“Our territories, we are not going to give them away”, says the mayor of Lviv

Far from the war, for a moment. Andriy Sadovyi is on the Croisette this week. “At the invitation” of his Cannes counterpart David Lisnard, the mayor of the Ukrainian city of Lviv, in the far west of the country, where many people have been displaced since the invasion of Russia, came to seek funding from the occasion of Mipim, the world market for real estate professionals.

While the reconstruction of Lviv has begun, the elected official is also supporting the development of his project called “Unbrocken” (“intact”, in French), a program carried out by the municipal hospital for the creation of structures to help victims. of the war. This project, daily life, the hoped-for end of the conflict, the restarting of the country, tourism, etc… Between two meetings, Andriy Sadovyi answered questions from 20 minutes.

More than a year after the start of the war in Ukraine, what about the reconstruction of Lviv?

Things take a long time. The Russian attacks notably caused the destruction of critical infrastructure for the city’s electricity supply. And it will take more patience to get everything back to working order.

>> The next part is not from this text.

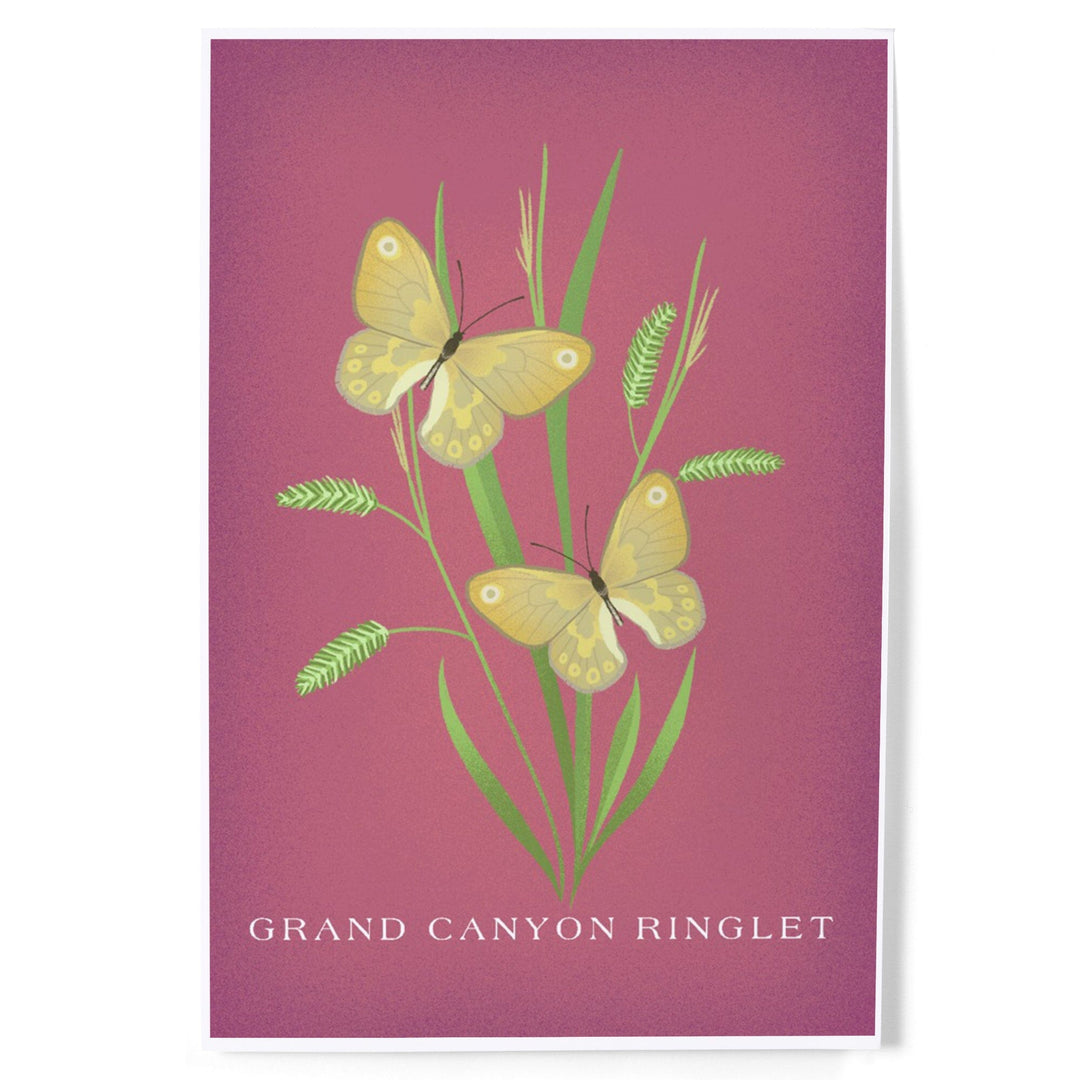Grand Canyon Ringlet, Vintage Flora, Art & Giclee Prints Art Lantern Press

Ukraine hopes to be able to count on tourism to revive the country after the war. In Lviv, more spared than other cities by the attacks, you say you are already ready to welcome visitors…

Before the invasion of Russia, we had 2.5 million visitors a year. And we hope to be able to do even better as soon as possible, as soon as we have won the war. In the meantime, we are trying to restart everything gradually, of course taking into account security issues. We are already welcoming people. A lot of Ukrainians especially who come from other bombarded cities, for a day or two. These are people who come to Lviv looking for some peace and quiet. We also do our best to welcome many international guests, who are there for business and to whom we try to show the best image of our city. Recently, a forum has also welcomed a large number of people.

What are your days like… how do you run a city in times of war?

We host 150,000 displaced people and I am responsible for each of them. I have to find solutions for them, every day. That’s what takes up most of my time. One of the other essential points is the construction of a factory to produce prostheses for all the injured people, who lost limbs during the attacks. My responsibility is also to build new housing, accommodation for those in need. All of that, of course, we will do. But the most important thing is first of all the victory, it is to win the war.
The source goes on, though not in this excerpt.